她父皇是怎么样的人,她当然是再清楚不过的。
能亲手为她启蒙,为她千思万想才取下名字的父亲,怎么可能会在她出生那日,将她从生母身边带走呢?
她完全不信。
所以,她肯定不是这些人口中说的那般,被迫与生身父母分离。
柳州,她是得好好待上几日。
泗水镇距离柳州州府不过十里地,王将军是清晨来此,在此待了两个时辰,就被上报了两起自认长公主血亲的事件。
柳州是圣祖帝龙潜之地,当年圣祖帝在此,力王狂澜,阻挡西戎铁骑进犯,护住了这一方百姓快二十年的安居乐业,如今可是要被满大楚的百姓嘲笑,颜面扫地,待到日后他入京都述职之时,又该如何面对满朝同僚。
“将军,长公主的车驾快到了。”随从匆匆跑来回禀。
王将军打理了一回着装,缓步朝着大门去。
这位在柳州人口中传了三个多月名号的中心人物,如今悄然而至。
轰轰烈烈的入京认亲的癫狂戏码,可算是要落下帷幕。
他到达门口时,便瞧见一辆青帷小车驶来。
这位不过才十八岁的长公主,当年他也是见过的,只是那时她是小小的一人,是圣祖帝的掌上明珠,谁能瞧出来她是被圣祖帝捡回来的呢?

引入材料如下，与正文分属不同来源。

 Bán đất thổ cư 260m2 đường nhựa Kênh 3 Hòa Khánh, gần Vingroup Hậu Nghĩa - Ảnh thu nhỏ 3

赵云兮踩着马凳,刚站稳,便听见一道苍老之声,“老臣,见过长公主。”
她抬头看去,便见一位身形足有九尺之高,她需得费力仰头才能看清模样,头发花白,穿着银甲的老者。
“王将军不必多礼。”
她心下略一思索,王将军年过半百,当年在她父皇麾下时,也才是个年轻小伙,而今成了整个柳州军政总督,民间威望何其高,怎可能镇压不住民间传言,让传言绵延至今。

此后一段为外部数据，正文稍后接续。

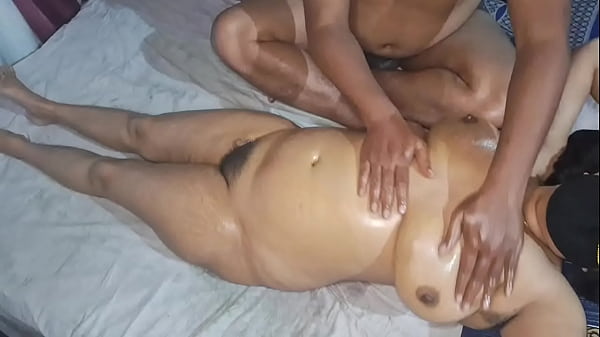 Desi Indian Hot Bhabhi Gets A Full Naked Sensual Massage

王将军苦笑一声,顾不上寒暄,只道:“公主想必已经听说柳州近来的传闻,老臣无能,至今不能平息传闻。”
赵云兮轻叹,这种人心里头长出来的贪欲,旁人又如何能够轻易将此给拔除呢?
她便轻言道:“不怪您,如今我既然来柳州了,这件事自由我亲自处置。”
王将军略有惊讶看向她,他并没有对这位长公主有多少了解,只是从这些年时不时听见的传闻里得知。
如今相见,竟然有几分当年他初在皇爷跟前说话时的感受。
赵云兮见他目光有异,不免好奇一问,“王将军可还有事?”
王将军收回了目光,感慨着,“老臣从公主身上,仿佛瞧见了皇爷。”
“公主的性情,与皇爷倒是一模一样。”
旁人倒是尝尝夸赞赵明修性情肖似其祖父,她还是头一次听见别人这般夸她。
不免有些好奇,王将军肯定知道她并非父皇亲女了,还要如此夸她,总不会是无缘由的阿谀奉承。
不想王将军没有再提,只道:“公主一路舟车劳顿,还请入内歇息,内子已经备下接风宴。”
这处宅院,是王将军在泗水镇的私宅,他们原是住在州府城中,而今因着赵云兮的到来,王将军到底不好招待她,便让自家夫人带着两个女儿来泗水镇招待贵客。
赵云兮心思不在同王家人周旋之上。
她尚在孝期,就算是接风宴,也不过素菜宴,简单用过后,她去到为她准备的住处,专心致志的准备着祭祀之物。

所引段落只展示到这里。